▶ [ACTIVITY]:
Retype exactly what appears below from the line containing "If we draw this: for" down to the line containing "And then all", keeping both end lines. Do not include pictures.
*** Block opens ***
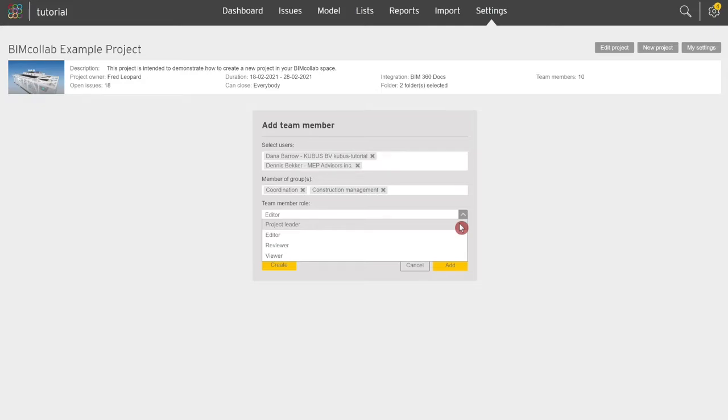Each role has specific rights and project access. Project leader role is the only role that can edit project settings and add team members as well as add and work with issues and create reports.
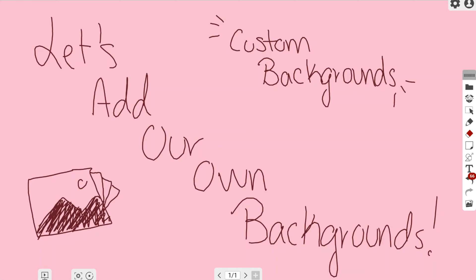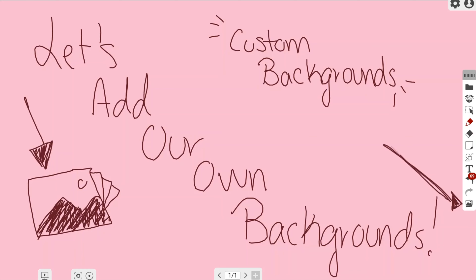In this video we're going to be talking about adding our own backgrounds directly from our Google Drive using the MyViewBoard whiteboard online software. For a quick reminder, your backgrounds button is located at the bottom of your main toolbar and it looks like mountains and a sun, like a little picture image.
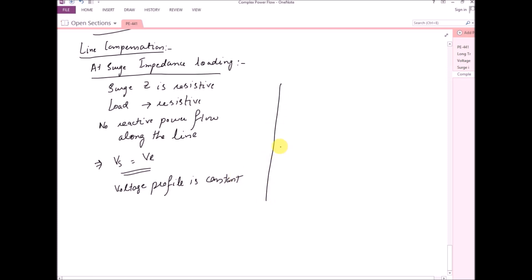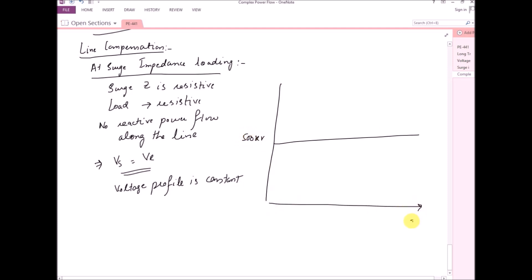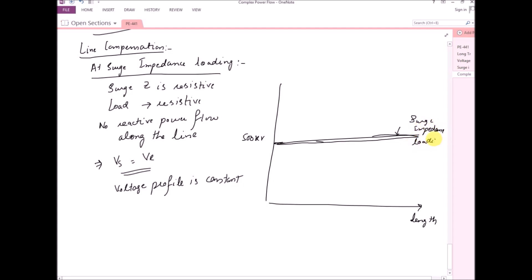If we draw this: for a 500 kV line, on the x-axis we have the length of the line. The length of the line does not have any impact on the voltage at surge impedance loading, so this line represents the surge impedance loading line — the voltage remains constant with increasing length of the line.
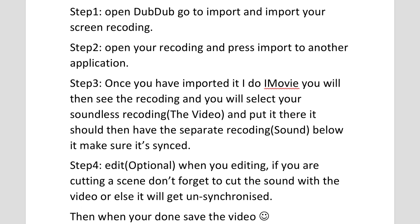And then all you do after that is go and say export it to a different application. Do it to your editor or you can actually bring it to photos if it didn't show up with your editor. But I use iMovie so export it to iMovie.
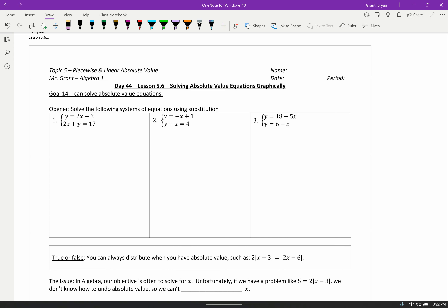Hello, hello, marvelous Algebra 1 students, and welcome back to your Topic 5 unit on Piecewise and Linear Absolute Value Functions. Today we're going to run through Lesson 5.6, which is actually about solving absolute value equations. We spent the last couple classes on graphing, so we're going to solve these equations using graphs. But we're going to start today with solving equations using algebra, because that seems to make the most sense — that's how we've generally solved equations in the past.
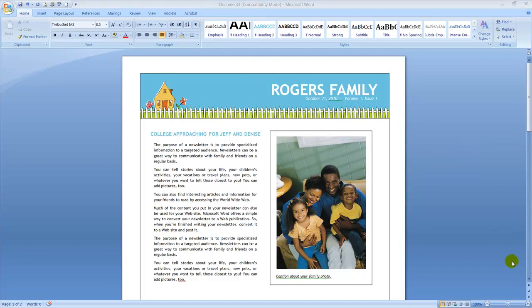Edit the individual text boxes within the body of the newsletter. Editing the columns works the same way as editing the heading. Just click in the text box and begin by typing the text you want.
*** Block closes ***
▶ [REPLY]:
If we draw this: for a 500 kV line, on the x-axis we have the length of the line. The length of the line does not have any impact on the voltage at surge impedance loading, so this line represents the surge impedance loading line — the voltage remains constant with increasing length of the line.
And then all you do after that is go and say export it to a different application. Do it to your editor or you can actually bring it to photos if it didn't show up with your editor. But I use iMovie so export it to iMovie.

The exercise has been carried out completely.